Cooling Down: Jur Sital, Bihar

In Bihar, on the first day of the Maithili New Year, Jur Sital is marked by water trickling onto thresholds, elders’ foreheads, grains, utensils, plants, and animals. The two-day festival—Satuan followed by Jur Sital—echoes Chhath Puja’s reverence for earth and water. At dawn on Satuan, a brief puja offered, and a pot of corn, sattu, mixed grains, and money given to Brahmins. Evening brings cooking: kadhi-badi-bhaat anchors the meal, joined by tarua, timan, vegetables, and sesame laddoos. The chulha is scrubbed clean; the food will be served the next day.

On Jur Sital morning, kadhi-badi-bhaat is first offered to the chulha. No stove is lit. The day ends at the family Kuldevi shrine with rice and curd offered to ancestors. Scholars describe the festival as aligning social life with seasonal rhythms. “Jur” suggests settling and “Sital” cooling—of body, land, and relations.

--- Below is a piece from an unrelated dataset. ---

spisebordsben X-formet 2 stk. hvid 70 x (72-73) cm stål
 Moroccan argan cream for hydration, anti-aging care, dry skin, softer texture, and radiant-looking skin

Following the rabi harvest, the festival’s domestic quietness—no temple, deity, or public display—has helped it endure.

- Tanisha Saxena

Earthen Rituals: Tusu Parab, West Bengal

In the red-earth districts of western West Bengal, certain festivals still move quietly through the rural year. Barely noticed beyond Purulia, celebrations like Tusu Parab unfold slowly across nearly a month. Marking the end of the agricultural year, it is widely recognised in Purulia, Bankura, and nearby regions as a harvest festival. Cultural scholar Dr Sanjukta Mahato calls it “a ritual pause—a moment when the work of the fields yields to reflection, gratitude, and collective expression.” It begins in late Agrahayan and ends on Poush Sankranti.

At the centre is Tusu—imagined as a young girl or goddess—made from bamboo, straw, rice husk, and flowers. “Crafted not from stone or metal but from materials drawn directly from the agricultural landscape,” notes researcher Subhomoy Roy. She is not formally worshipped but “revered rather than idolised,” soon to return to the land she came from.

After dusk, the festival shifts into Tusu gaan—songs sung by women and girls in courtyards, by ponds, or along village paths. Dr Ranjan Kumar Singh describes these as “oral archives,” carrying emotion and memory for communities whose histories are seldom written. On Poush Sankranti, Tusu is immersed in water. Rice husks scatter, flowers sink, and the festival closes with “the ritual completion of labour and the acceptance of cyclical return.”